_The problem_
From the first line to the last, retype the records exactly and skip the pictures.

_Records supplied_
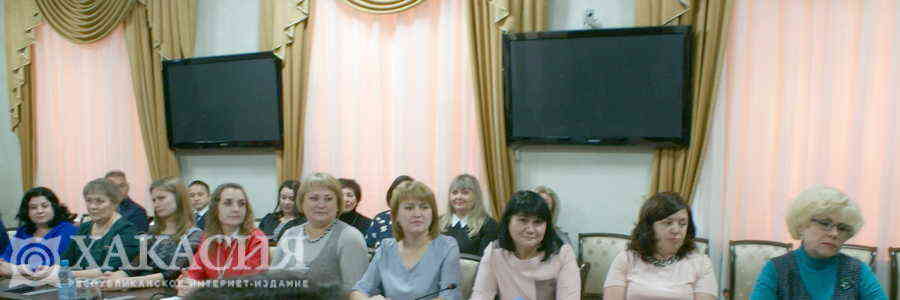 Фото галереи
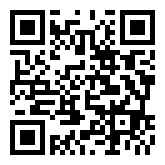 https://www.shouma.tv/shouma/316.html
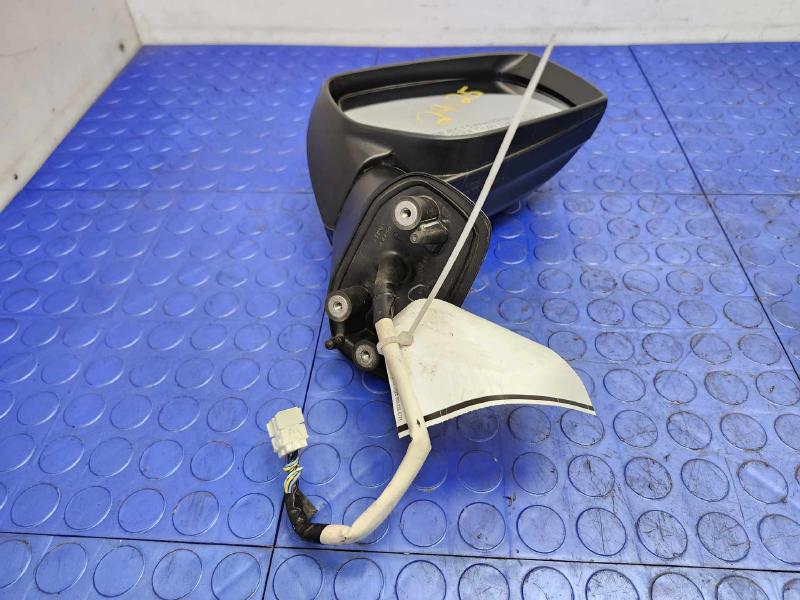 2015 Subaru Legacy Door Mirror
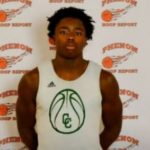 Phenom Hoops’ Player Watch: 2021 6’4 Christian Cornish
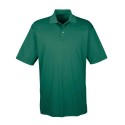 8425 UltraClub FOREST GREEN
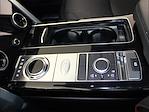 2019 Land Rover Range Rover 4WD SUV for sale #TI528541 - photo 16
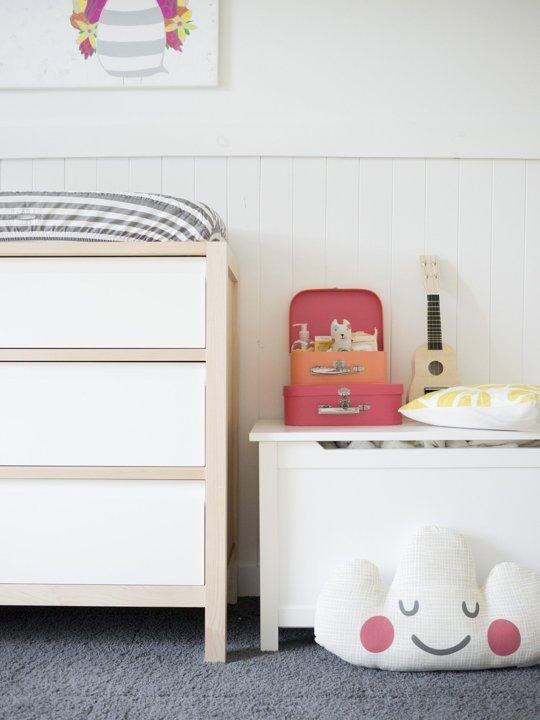 52d2d3c5697ab06a5b00fc8d._w.540_s.fit_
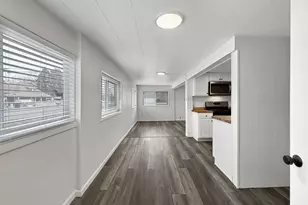 2475 9th St, Baker City, OR 97814 - Photo 30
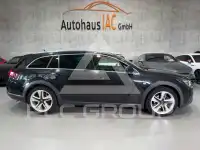 2014 Opel Insignia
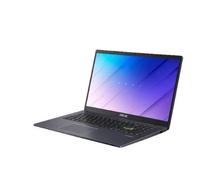 NB ASUS VIVOBOOK GO E510KA-EJ802 15,6" CEL N4500 8GB ON BOARD SSD256GB NO SISTEM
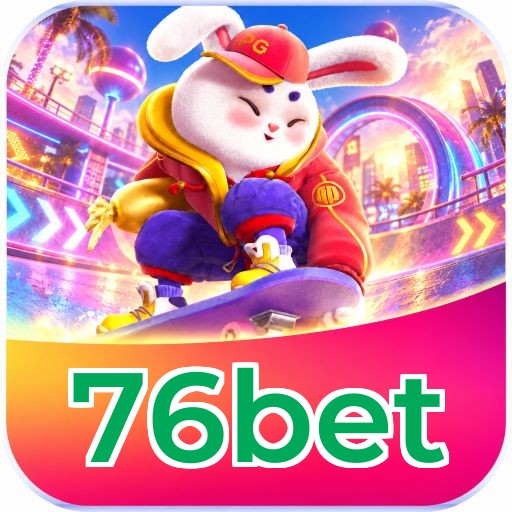 76bet PIX Instantâneo - Saques em 8 Minutos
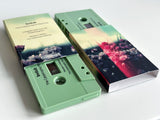 bvdub // The Catastrophe Machine TAPE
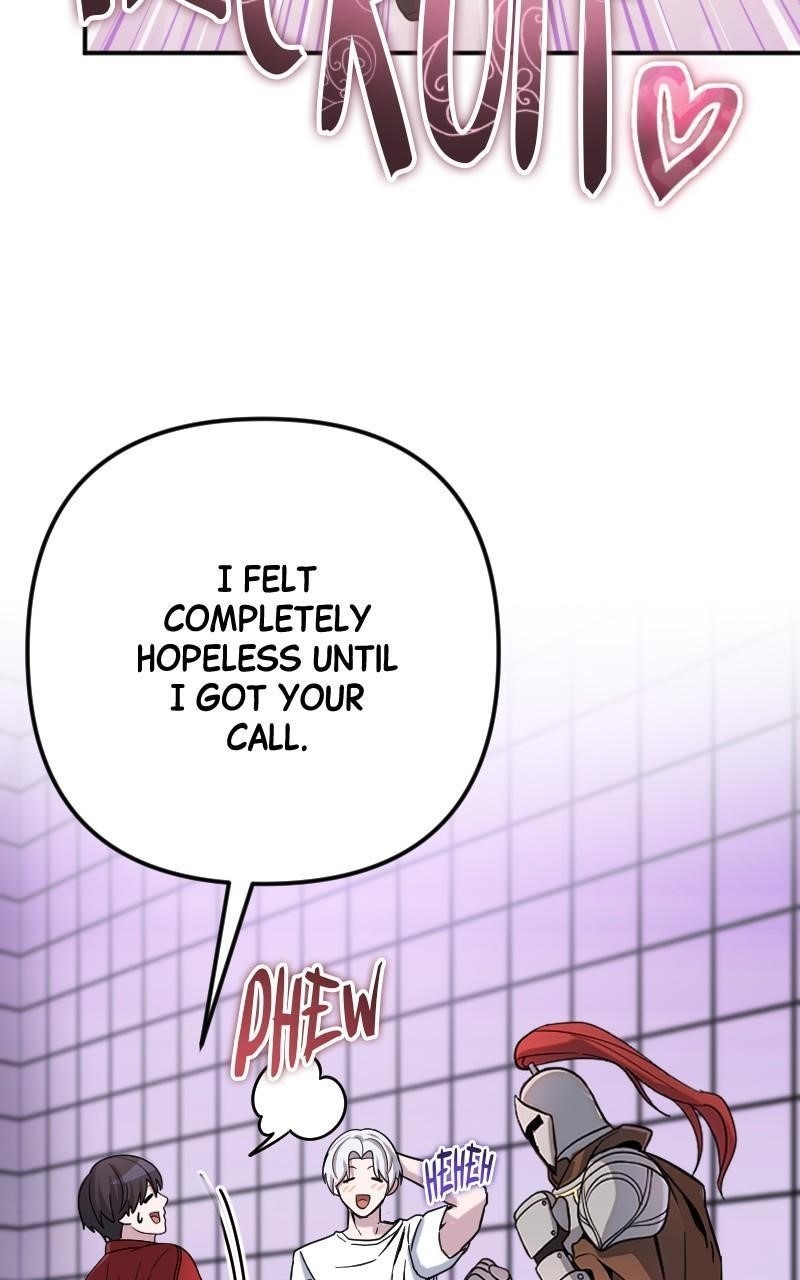 The Possessed Genius’ Gaming Stream Chapter 58 - Page 78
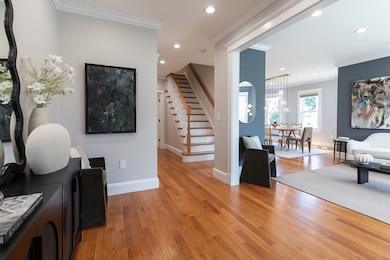 54 Marathon St unit 1, Arlington, MA 02474 - photo 6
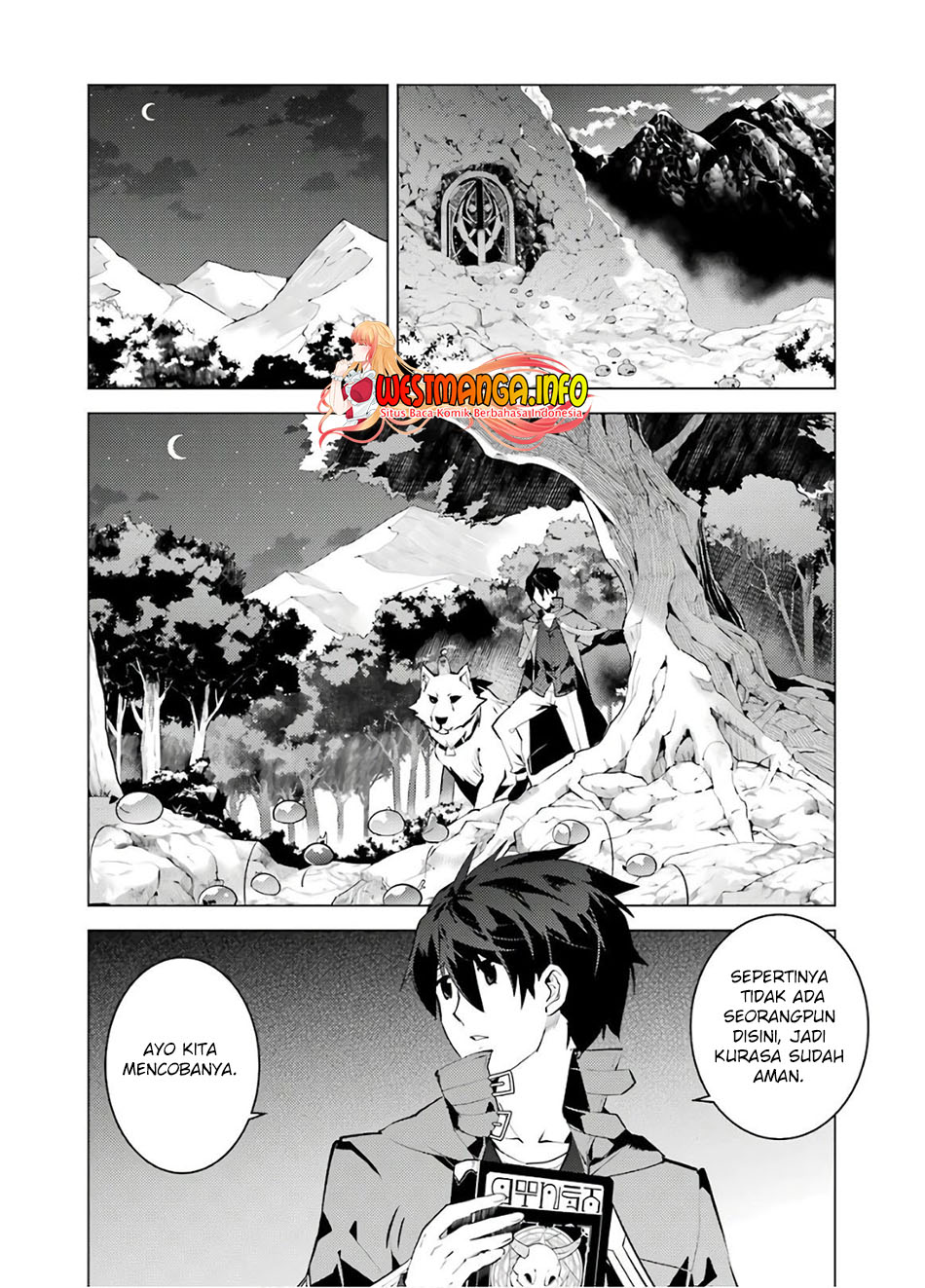 Chapter 29 - halaman 7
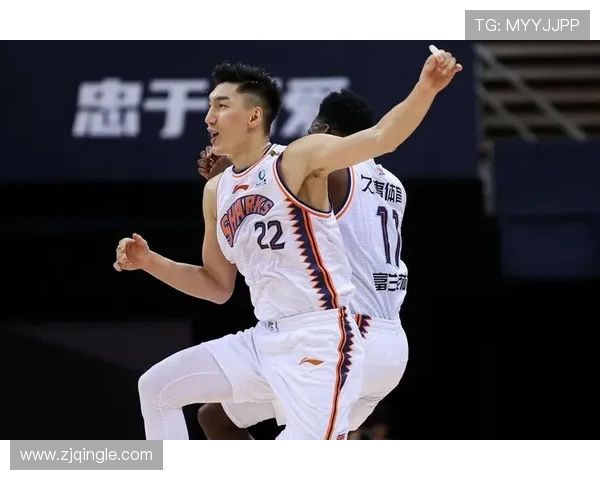 可兰白克:探寻这位杰出运动员背后的奋斗故事与荣耀时刻 可兰白克:探寻这位杰出运动员背后的奋斗故事与荣耀时刻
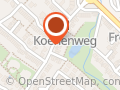 Freifunk Rheinbach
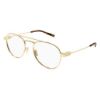 Picture of Saint Laurent Eyeglasses SL 708 OPT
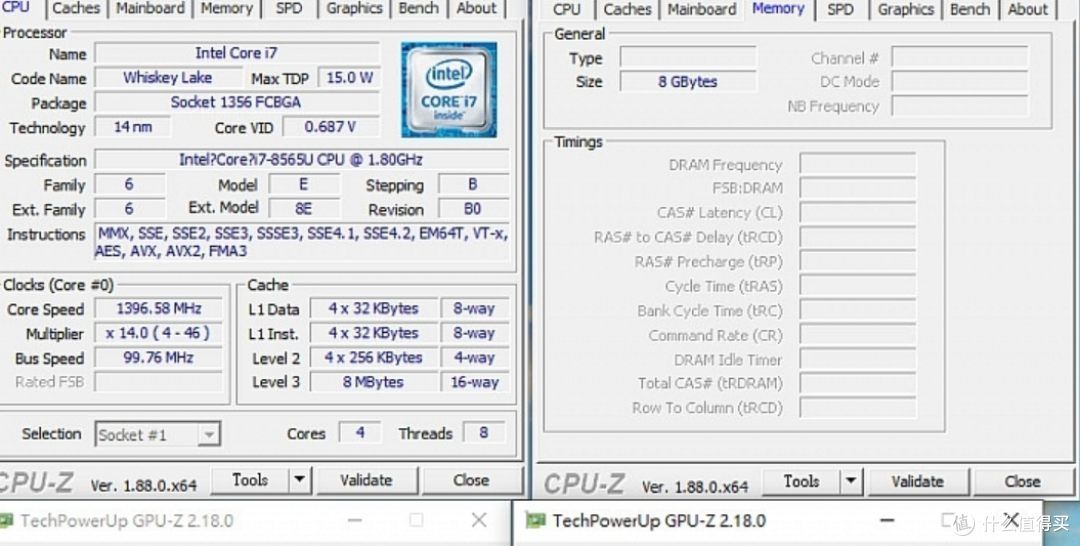 过年放假回家买给自己一台e490过年联想国货礼物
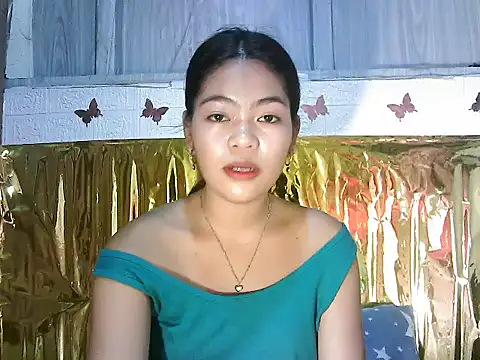 Snapshot of Sexyhotjove chatting on 06.14.26 Sexyhotjove online show from 06.14.26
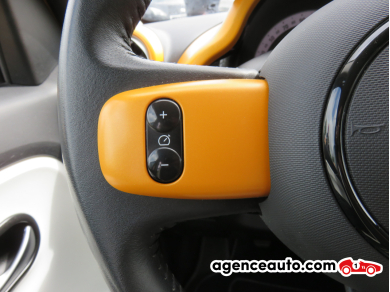Renault Twingo — 18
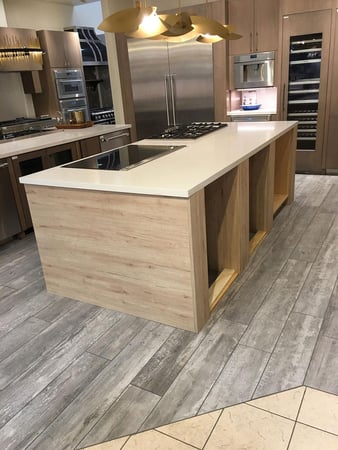 Images Amazing Cabinetry Kitchen & Bath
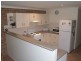 200a Fitzroy Street, Grafton NSW 2460
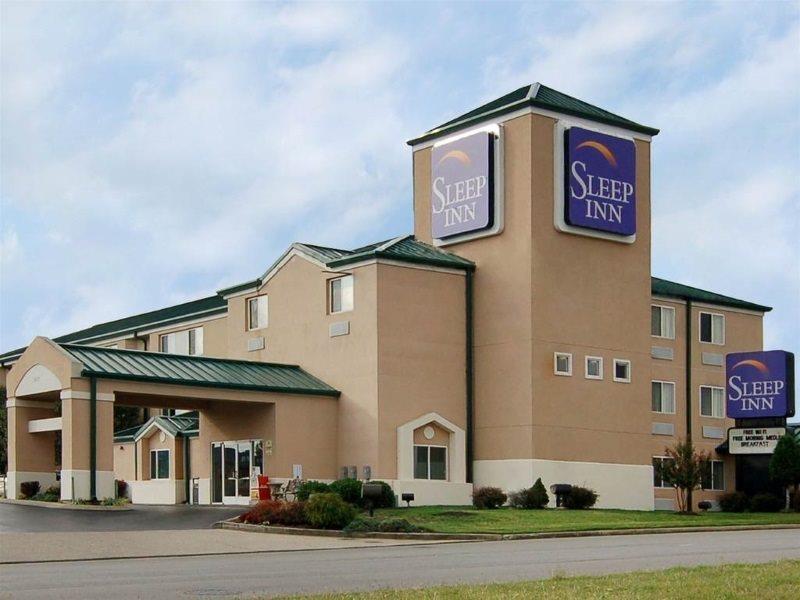 Inn Sleep Near Percy Priest Nashville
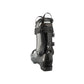 KALIBER 110 MV GW BOA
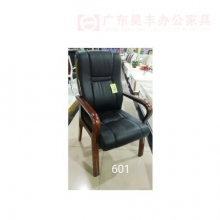 昊丰  HF-601   办公椅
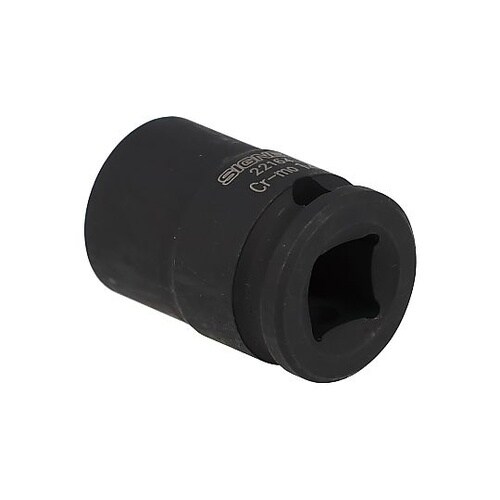 22164 14MM インパクトソケット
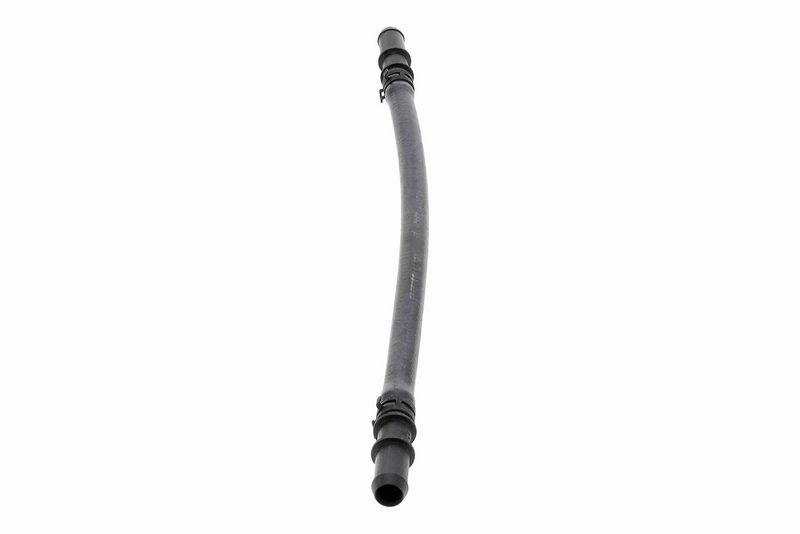 VAICO V58-0309 Heater Hose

_Your solution_
 Фото галереи
 https://www.shouma.tv/shouma/316.html
 2015 Subaru Legacy Door Mirror
 Phenom Hoops’ Player Watch: 2021 6’4 Christian Cornish
 8425 UltraClub FOREST GREEN
 2019 Land Rover Range Rover 4WD SUV for sale #TI528541 - photo 16
 52d2d3c5697ab06a5b00fc8d._w.540_s.fit_
 2475 9th St, Baker City, OR 97814 - Photo 30
 2014 Opel Insignia
 NB ASUS VIVOBOOK GO E510KA-EJ802 15,6" CEL N4500 8GB ON BOARD SSD256GB NO SISTEM
 76bet PIX Instantâneo - Saques em 8 Minutos
 bvdub // The Catastrophe Machine TAPE
 The Possessed Genius’ Gaming Stream Chapter 58 - Page 78
 54 Marathon St unit 1, Arlington, MA 02474 - photo 6
 Chapter 29 - halaman 7
 可兰白克:探寻这位杰出运动员背后的奋斗故事与荣耀时刻 可兰白克:探寻这位杰出运动员背后的奋斗故事与荣耀时刻
 Freifunk Rheinbach
 Picture of Saint Laurent Eyeglasses SL 708 OPT
 过年放假回家买给自己一台e490过年联想国货礼物
 Snapshot of Sexyhotjove chatting on 06.14.26 Sexyhotjove online show from 06.14.26
Renault Twingo — 18
 Images Amazing Cabinetry Kitchen & Bath
 200a Fitzroy Street, Grafton NSW 2460
 Inn Sleep Near Percy Priest Nashville
 KALIBER 110 MV GW BOA
 昊丰  HF-601   办公椅
 22164 14MM インパクトソケット
 VAICO V58-0309 Heater Hose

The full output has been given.